The Gettier problem is a good illustration of what I think is the misunderstanding here: Gettier cases are not supposed to be edge cases of knowledge. Just like the randomly created string "Eliezer Yudkowsky" is not an edge case of representation. Edge cases have to do with vagueness, but the problem with defining knowledge is not that the concept may be vague. Gettier cases are examples where justified true belief is intuitively present but knowledge is intuitively absent. Not partially present like in edge cases. That is, we would apply the first terms (justification, truth, belief) but not the latter (knowledge). Vagueness itself is often not a problem for definition. A bachelor is clearly an unmarried man, but what may count as marriage, and what separates men from boys, is a matter of degree, and so too must be bachelor status.

Now you may still think that finding something like necessary and sufficient conditions for representation is still "a waste of time" even if vagueness is not the issue. But wouldn't that, for example, also apply to your attempted explication of "intention"? Or "awareness"? In my opinion, all those concepts are interesting and benefit from analysis.

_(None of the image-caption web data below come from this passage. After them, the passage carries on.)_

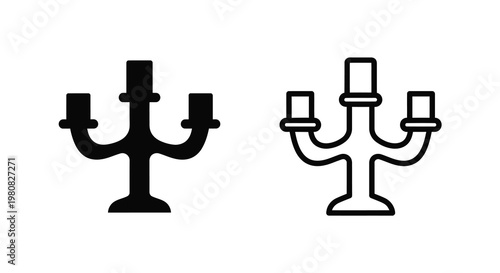 Black and white line art depictions of a five branch candlestick holder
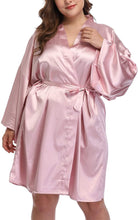 Load image into Gallery viewer, Plus Size Purple Kimono Sleeve Silk Robe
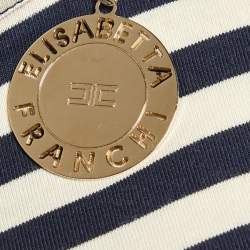 Pre Owned Elisabetta Franchi Jeans Marine Blue Striped Jersey Asymmetric Top M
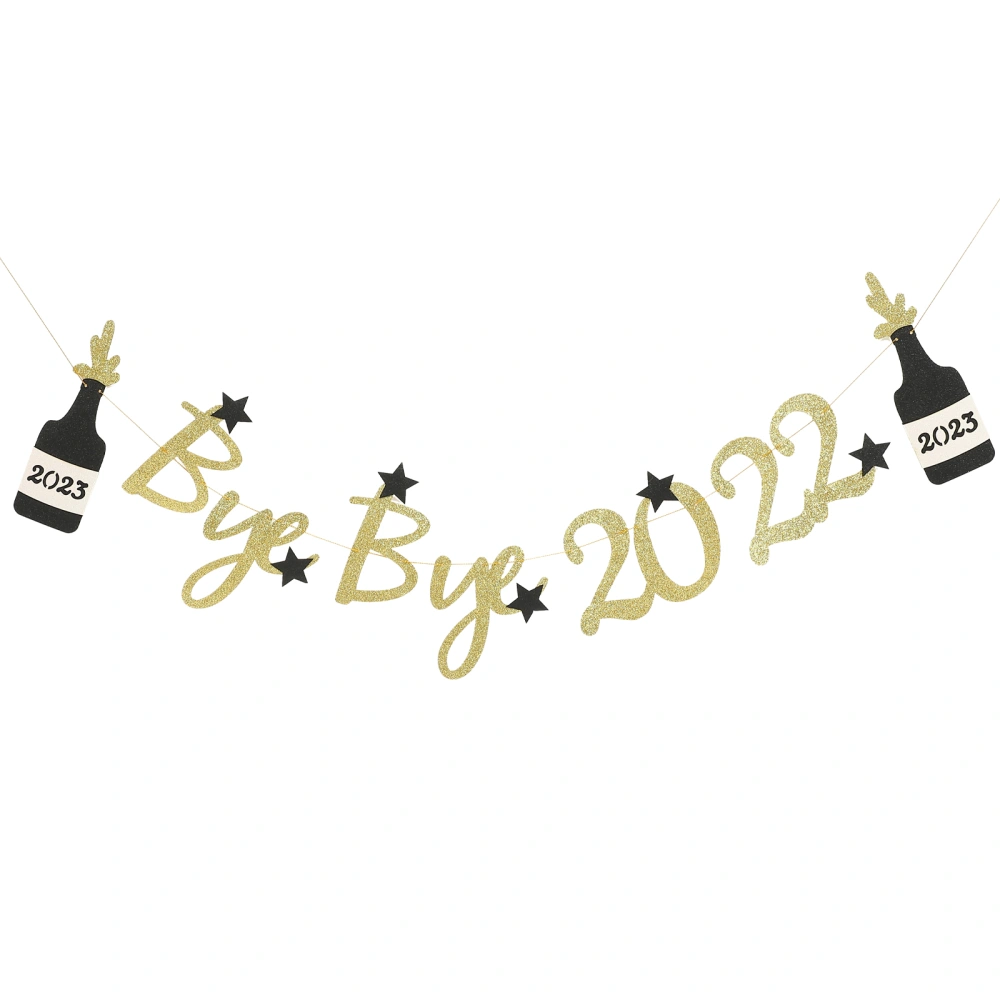 Party 2023 Banner New Year Party Hanging Shining New Year Decoration Photo Prop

Back to the Scott / Yvain thing, suppose that I open Google Maps and find that there are two listings for the same restaurant location, one labeled KFC, the other labeled Kentucky Fried Chicken. What do we learn from that?

  • (X) The common-sense answer is: there’s some function in the Google Maps codebase such that, when someone submits a restaurant entry, it checks if it’s a duplicate before officially adding it. Let’s say the function is check_if_dupe(). And this code evidently had a false negative when someone submitted KFC. Hey, let’s dive into the implementation of check_if_dupe() to understand why there was a false negative! …
  • (Y) The philosophizing answer is: This observation implies something deep and profound about the nature of Representation! :)

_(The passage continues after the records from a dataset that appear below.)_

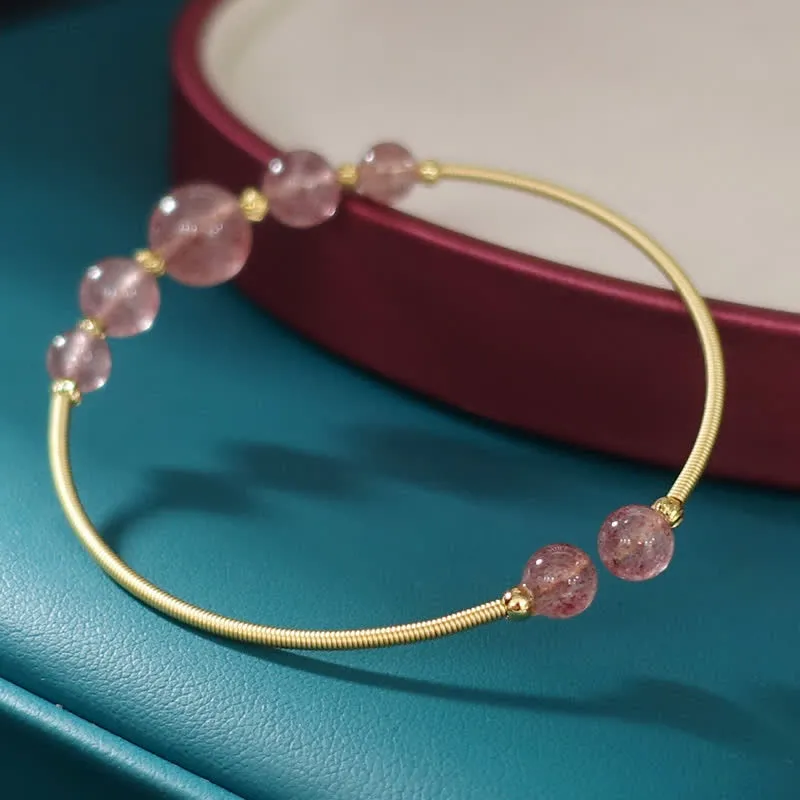 Luck Muse Natural Strawberry Quartz Love Healing Bracelet - Image 3
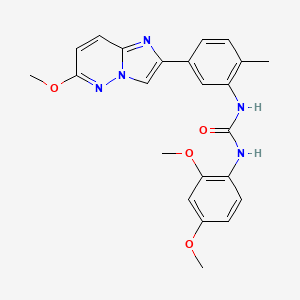 molecular formula C23H23N5O4 B3209779 1-(2,4-Dimethoxyphenyl)-3-(5-(6-methoxyimidazo[1,2-b]pyridazin-2-yl)-2-methylphenyl)urea CAS No. 1060269-43-3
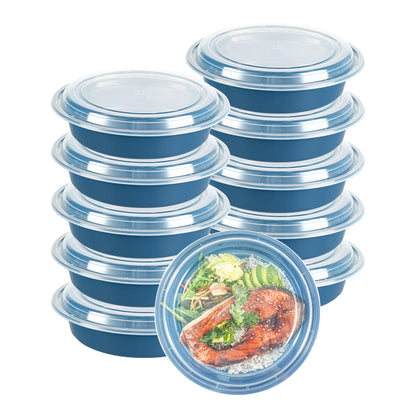 Restaurantware-Asporto 48 Ounce Round Take Out Containers, 100 Food Containers With Lids - Microwavable, Disposable, Midnight Blue Plastic To Go Boxes For Food, No BPA, For Take Out And Delivery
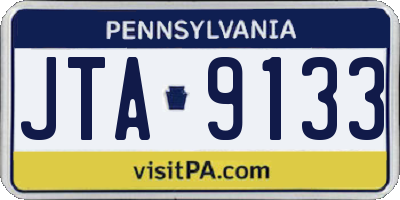 PA license plate JTA9133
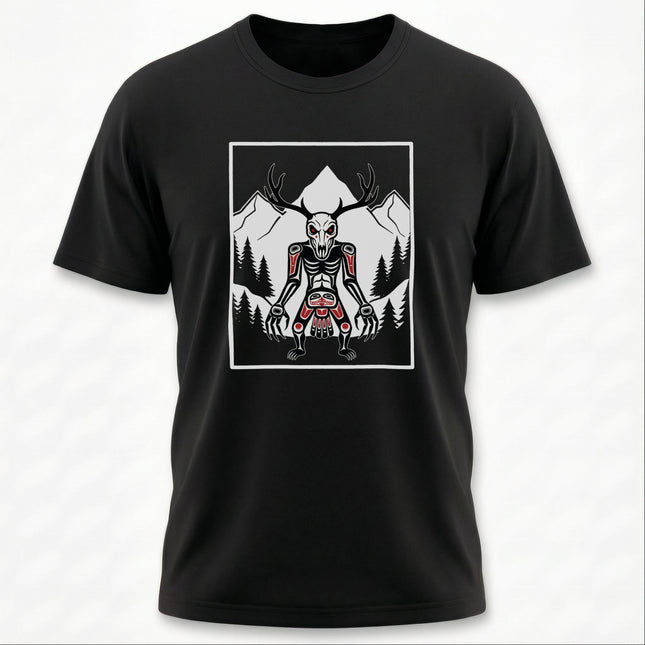 Wendigo Antler Skull T-Shirt | Native American Folklore Cryptid Graphic | Wendigo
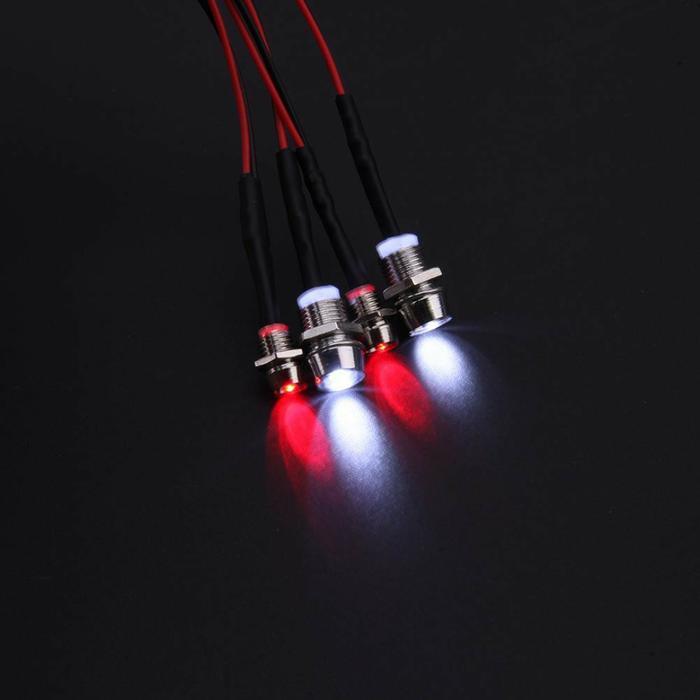 4 PCS LAMPU LED RC 5MM MERAH PUTIH HSP TAMIYA TRAXXAS WLTOYS RC DRIFT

Maybe I’m being too harsh on the philosophizing answer (here and in earlier comments); I’ll do the best I can to steelman it now.

  • (Y’) We almost always use language in a casual way, but sometimes it’s useful to have some term with a precise universal necessary-and-sufficient definition that can be unambiguously applied to any conceivable situation. (Certainly it would be hard to do math without those kinds of definitions!) And if we want to give the word “Representation” this kind of precise universal definition, then that definition had better be able to deal with this KFC situation.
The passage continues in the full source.